Lindner, B., Z. Yi, J.-H. Prinz, J. C. Smith and F. Noe. 2013. Dynamic Neutron Scattering from Conformational Dynamics I: Theory and Markov models. J. Chem. Phys. 139, 175101.

property dt_model

Description of the physical time corresponding to the lag.

eigenvalues(k=None)

Compute the transition matrix eigenvalues

Parameters

k (int) – number of eigenvalues to be returned. By default will return all available eigenvalues

Returns

ts – transition matrix eigenvalues \(\lambda_i, i = 1, ..., k\)., sorted by descending norm.

Return type

ndarray(k,)

eigenvectors_left(k=None)

Compute the left transition matrix eigenvectors

Parameters

k (int) – number of eigenvectors to be returned. By default all available eigenvectors.

Returns

L – left eigenvectors in a row matrix. l_ij is the j’th component of the i’th left eigenvector

Return type

ndarray(k,n)

eigenvectors_right(k=None)

Compute the right transition matrix eigenvectors

Parameters

k (int) – number of eigenvectors to be computed. By default all available eigenvectors.

Returns

R – right eigenvectors in a column matrix. r_ij is the i’th component of the j’th right eigenvector

Return type

ndarray(n,k)

expectation(a)

Equilibrium expectation value of a given observable.

Parameters

a ((n,) ndarray) – Observable vector on the MSM state space

Returns

val – Equilibrium expectation value fo the given observable

Return type

float

Notes

The equilibrium expectation value of an observable \(a\) is defined as follows

\[\mathbb{E}_{\mu}[a] = \sum_i \pi_i a_i\]

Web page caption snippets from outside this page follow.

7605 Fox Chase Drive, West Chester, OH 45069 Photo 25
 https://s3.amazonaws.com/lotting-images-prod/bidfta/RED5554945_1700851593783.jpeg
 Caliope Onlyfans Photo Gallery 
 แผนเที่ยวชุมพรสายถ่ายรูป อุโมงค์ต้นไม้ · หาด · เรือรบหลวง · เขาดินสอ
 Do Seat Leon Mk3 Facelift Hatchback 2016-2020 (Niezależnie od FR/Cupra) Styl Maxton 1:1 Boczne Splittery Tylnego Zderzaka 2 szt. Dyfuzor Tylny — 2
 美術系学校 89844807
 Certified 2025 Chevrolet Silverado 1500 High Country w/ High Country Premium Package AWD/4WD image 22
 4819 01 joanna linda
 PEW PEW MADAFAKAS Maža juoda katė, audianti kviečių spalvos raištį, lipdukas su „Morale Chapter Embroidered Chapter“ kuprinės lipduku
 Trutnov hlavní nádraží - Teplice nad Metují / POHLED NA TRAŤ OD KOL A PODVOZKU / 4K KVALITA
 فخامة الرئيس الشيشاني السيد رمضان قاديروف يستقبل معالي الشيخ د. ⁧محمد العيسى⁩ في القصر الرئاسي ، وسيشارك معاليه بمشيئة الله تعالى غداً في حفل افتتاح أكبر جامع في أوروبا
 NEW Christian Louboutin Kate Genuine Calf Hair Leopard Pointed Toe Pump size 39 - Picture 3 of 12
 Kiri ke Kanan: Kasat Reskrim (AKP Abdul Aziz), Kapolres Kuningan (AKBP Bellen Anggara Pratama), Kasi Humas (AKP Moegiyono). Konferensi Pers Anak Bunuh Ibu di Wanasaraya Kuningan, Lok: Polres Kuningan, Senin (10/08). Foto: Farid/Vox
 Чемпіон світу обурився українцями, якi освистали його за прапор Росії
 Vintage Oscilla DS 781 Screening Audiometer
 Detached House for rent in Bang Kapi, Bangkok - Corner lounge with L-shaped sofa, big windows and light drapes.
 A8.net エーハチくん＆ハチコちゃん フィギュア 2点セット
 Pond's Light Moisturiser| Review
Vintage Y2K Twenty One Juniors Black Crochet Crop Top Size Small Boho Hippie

\(\pi=(\pi_i)\) is the stationary vector of the transition matrix \(P\).

fingerprint_correlation(a, b=None, k=None, ncv=None)

Dynamical fingerprint for equilibrium time-correlation experiment.

Parameters
  • a ((n,) ndarray) – Observable, represented as vector on MSM state space

  • b ((n,) ndarray, optional) – Second observable, for cross-correlations

  • k (int, optional) – Number of eigenvalues and eigenvectors to use for computation. This option is only relevant for sparse matrices and long times for which an eigenvalue decomposition will be done instead of using the matrix power

  • ncv (int, optional) – Only relevant for sparse matrices and large lag times, where the relaxation will be computed using an eigenvalue decomposition. The number of Lanczos vectors generated, ncv must be greater than k; it is recommended that ncv > 2*k

Returns

  • timescales ((k,) ndarray) – Time-scales (in units of the input trajectory time step) of the transition matrix

  • amplitudes ((k,) ndarray) – Amplitudes for the correlation experiment

References

Spectral densities are commonly used in spectroscopy. Dynamical fingerprints are a useful representation for computational spectroscopy results and have been introduced in [NDD11].

NDD11

Noe, F, S Doose, I Daidone, M Loellmann, M Sauer, J D Chodera and J Smith. 2010. Dynamical fingerprints for probing individual relaxation processes in biomolecular dynamics with simulations and kinetic experiments. PNAS 108 (12): 4822-4827.

fingerprint_relaxation(p0, a, k=None, ncv=None)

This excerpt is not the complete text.